Self-Supervised Learning of Molecular Diffusion Using Motion-Informed Vision Transformer—MiViT
E. Silly, J. Requejo-Isidro, D. Sage
Proceedings of the Single-Molecule Localization Microscopy Symposium (SMLMS'25), Bonn, Federal Republic of Germany, August 27-29, 2025, pp. 97
Estimating diffusion of molecule from image-based single particle tracking (SPT) is essential for probing subcellular states. The diffusion coefficient (D) is typically derived from the mean square displacement (MSD) of sub-pixel localizations; however, motion during exposure produces blurry, blob-like shapes that degrade localization precision and diffusion accuracy.
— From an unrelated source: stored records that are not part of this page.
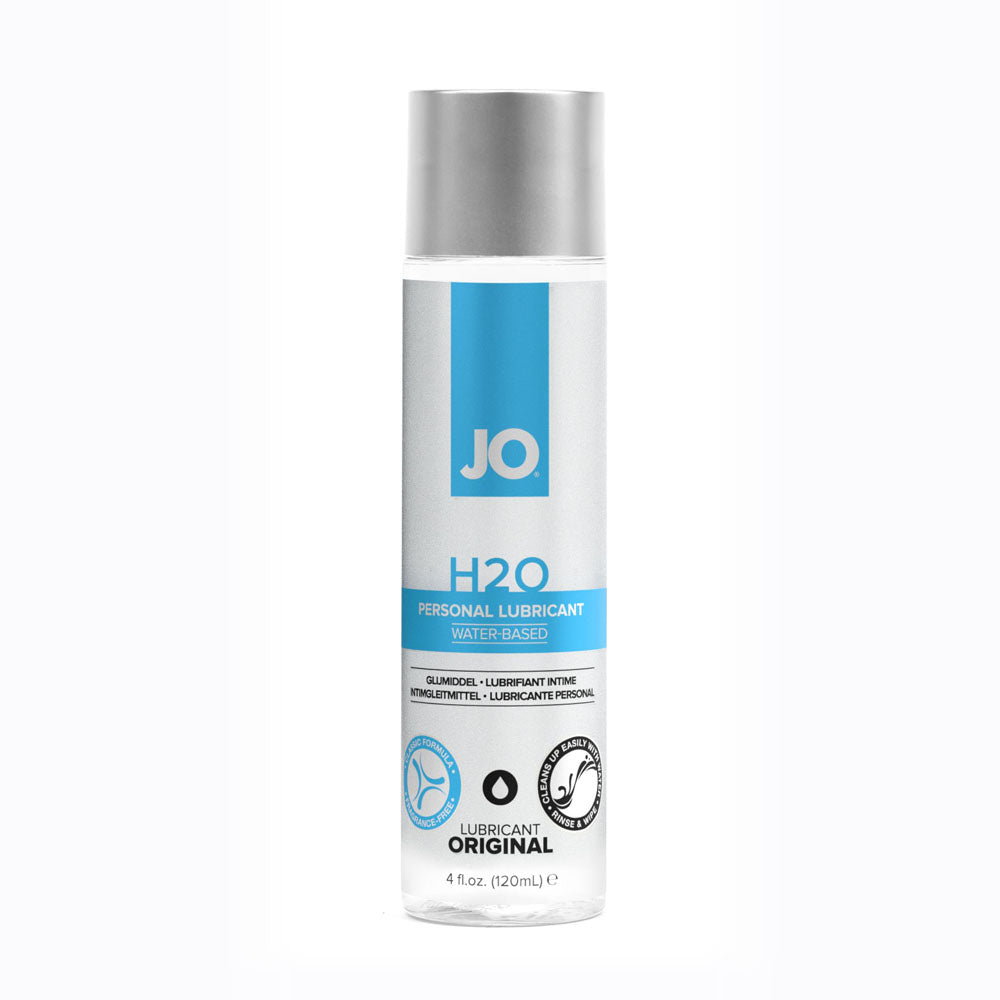 JO H2O Original Lube - 120 mL - Water Based Lubricant - 120 ml Bottle - Hush Store Sydney 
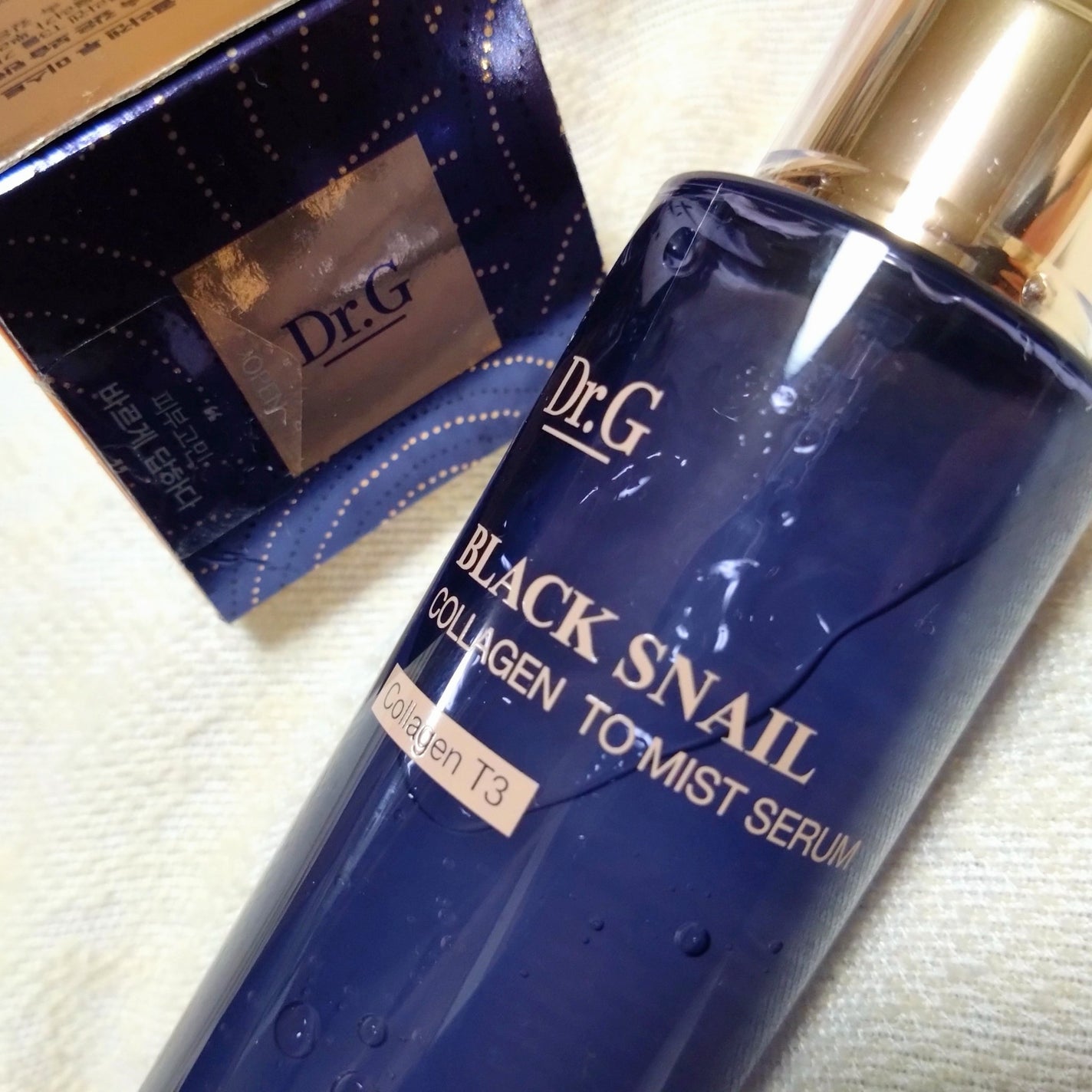 ドクタージー ブラックスネイル コラーゲンミスト/Dr.G/ミスト状化粧水を使ったクチコミ(2枚目)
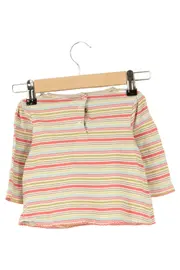 Vorschaubild 2 von Langarmshirt Kinder Gr. 68 Mehrfarbig Gestreift Klassisch Preppy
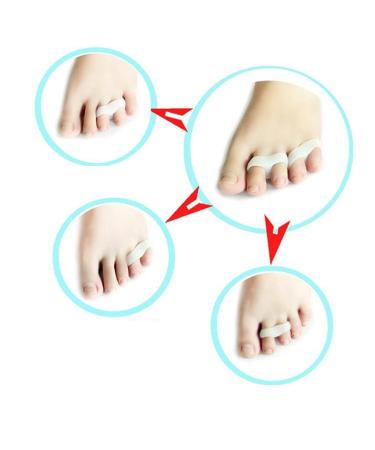 XUEQI Silicone Bunion Corrector Toe Separators - 2 Loop Small Toe Spacer for Bunion Relief and Overlap Toe Alignment - Buy Online on GoSupps.com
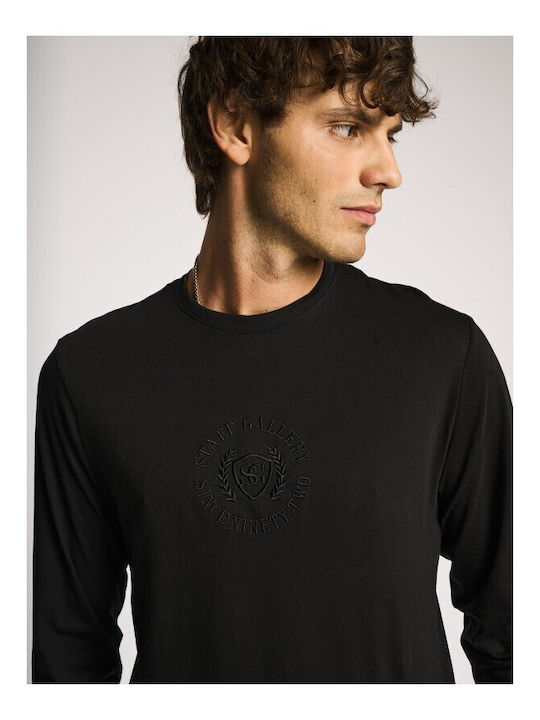 Staff Men's Long Sleeve Blouse Black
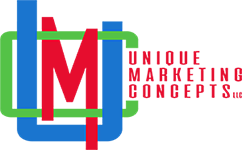 The colorful logo for UMC Digital - Mobile LED Billboards in Alabama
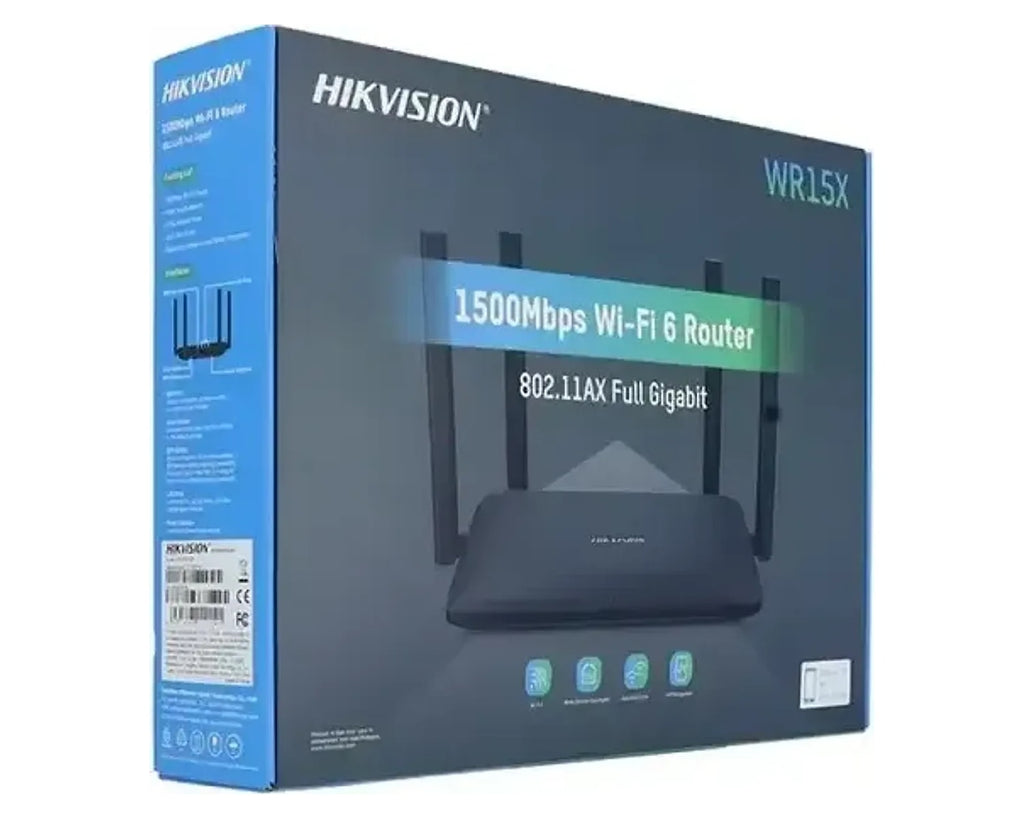 Router Wi-Fi 6 Hikvision DS-3WR15X AX1500 Dual Band Gigabit - foto 3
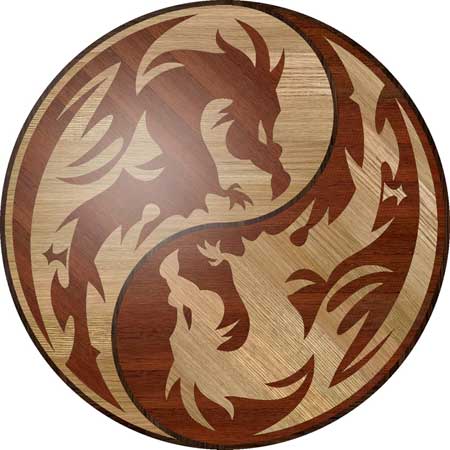 Dragons Wood Floor Medallion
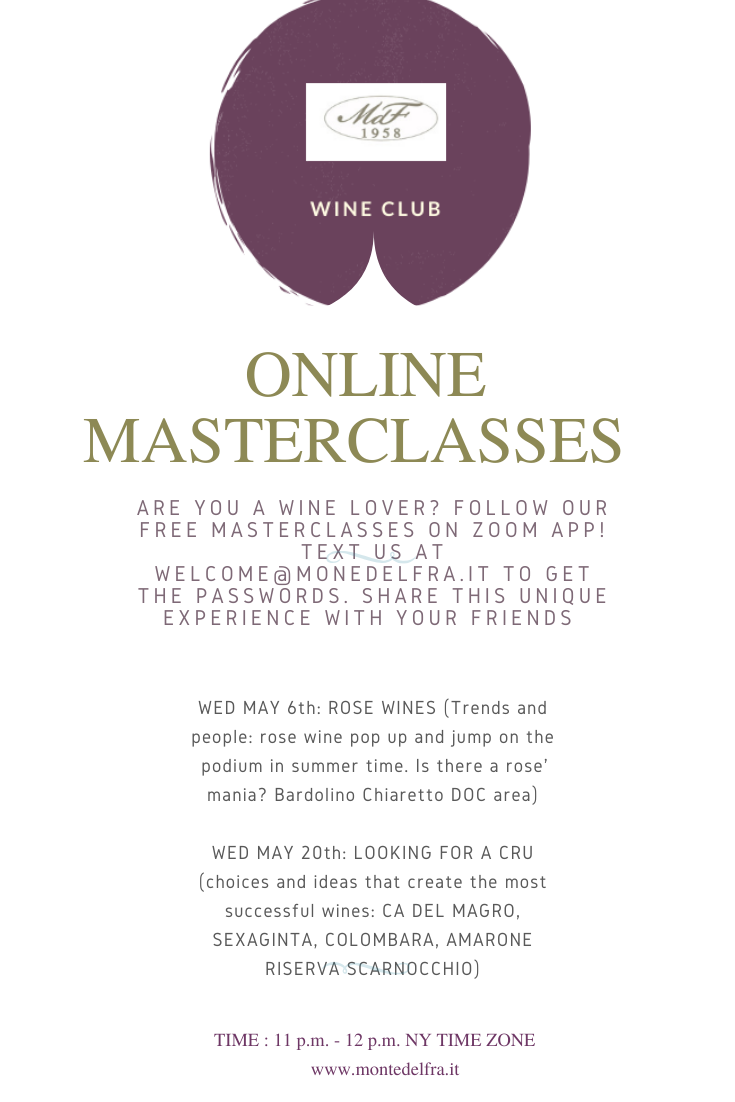 Join our free masterclasses on zoom MAY 6 AND 20TH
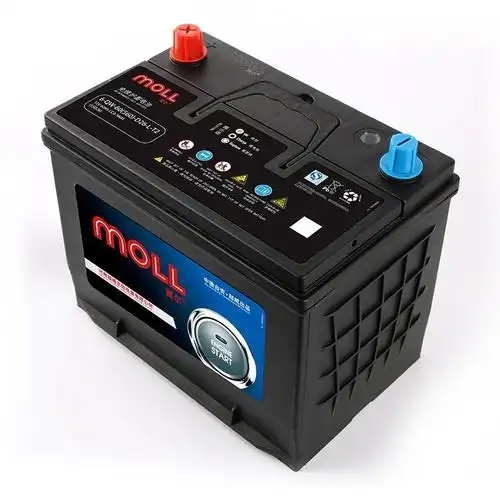 莫尔/moll 蓄电池 电瓶 以旧换新 55d26l【反锥】/6-qw-60(560)-d26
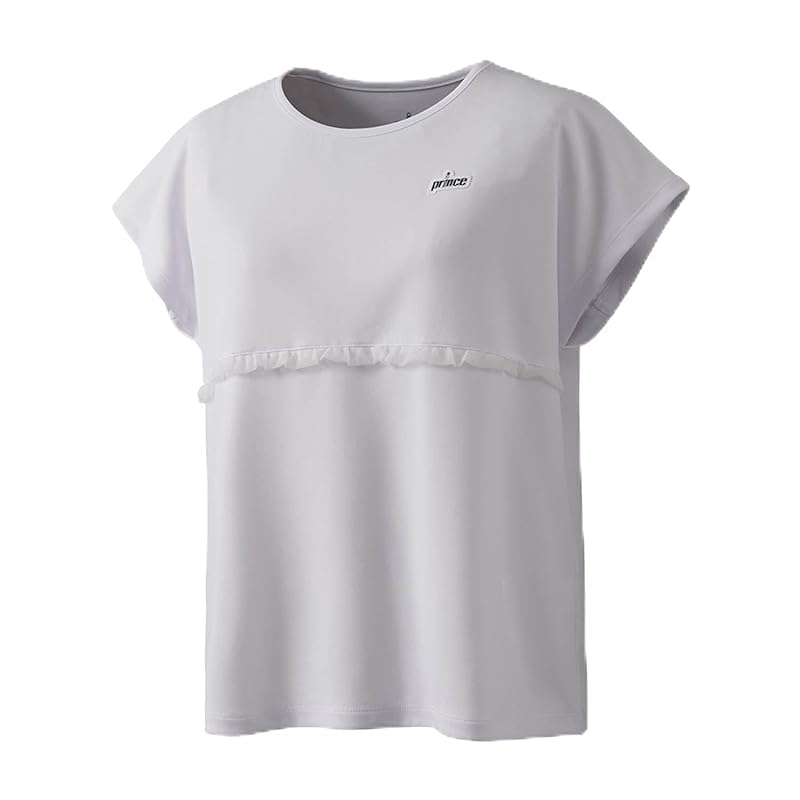

[Prince] street wear game shirt ladies White(146)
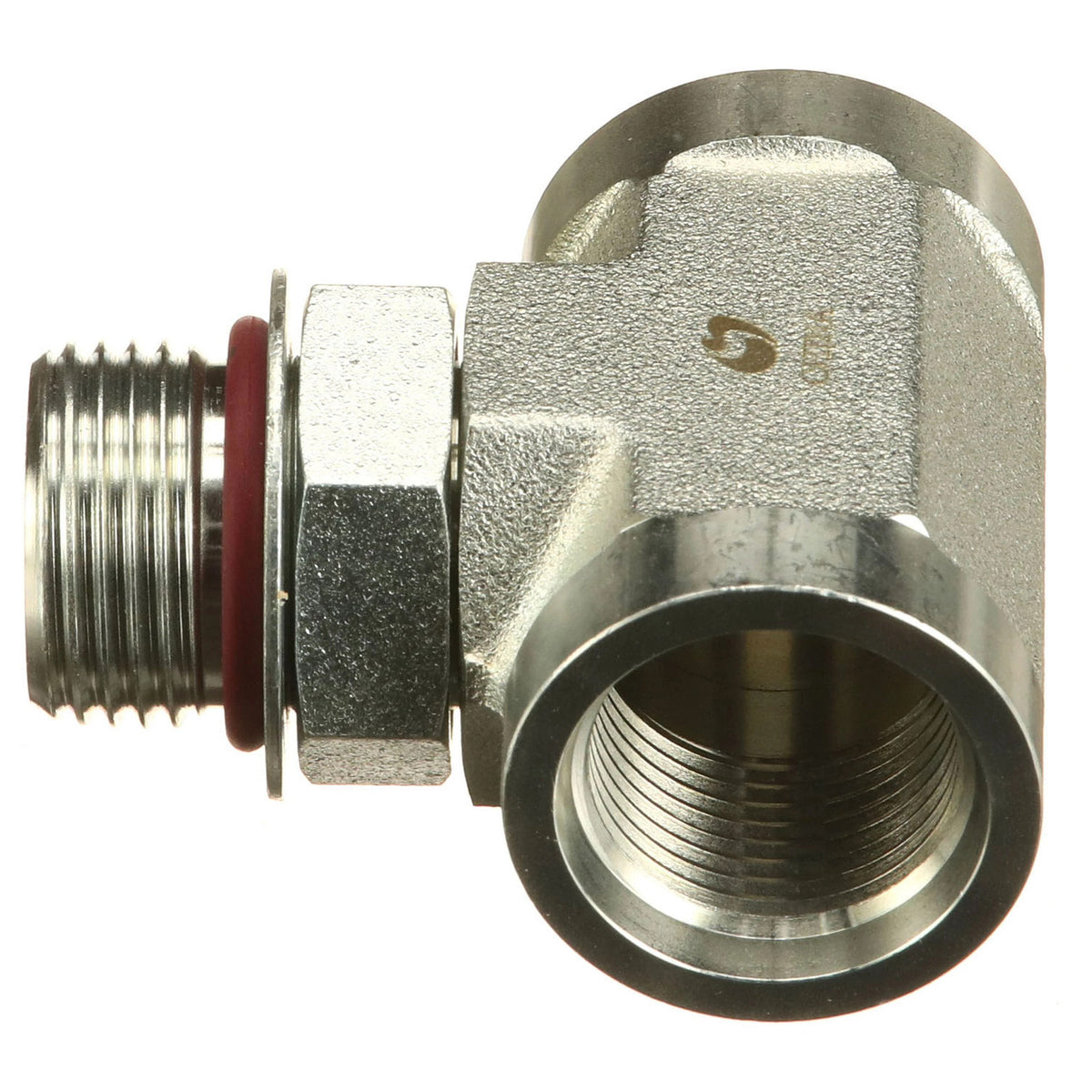 84255994 - OEM TEE FITTING ADJ 12 ORB - CASE CONSTRUCTION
Indeed, previous work [Park, 2023] has shown that convolutional neural networks (CNN) can infer D directly from small image patches centered on the localization; however, the lack of temporal context limits the performance. We propose a Motion-Informed Vision Transformer ( MiViT ), to directly regress the diffusion coefficient (D) from time-series image patches, capturing spatial and temporal features. Trajectory features [Kæstel-Hansen, 2024] are computed to form a temporal token, which is concatenated with CNN-encoded shape tokens. The resulting spatiotemporal tokens are then processed through self-attention layers within a transformer architecture. To train without labeled data, we use self-supervised learning on simulated sequences of Brownian diffusing particles generated under imaging conditions, aligned with the ANDI challenge [Muñoz-Gil, 2021]. MiViT reduces the error on D estimation, (mean squared error: 1.41 for MSD, 0.76 for CNN, and 0.57 for our method) on 10,000 synthetic samples. The transformer architecture captures long-range dependencies and temporal structure more effectively, especially under noise. Our approach could generalize across various experimental conditions, demonstrating the benefit of spatiotemporal self-attention in MiViT models. Although currently validated only on synthetic data, further work is needed to evaluate robustness under real acquisition variability. Our pilot study work suggests that high frame rates are not strictly necessary; improved image quality at lower frame rates may yield more informative diffusion estimates.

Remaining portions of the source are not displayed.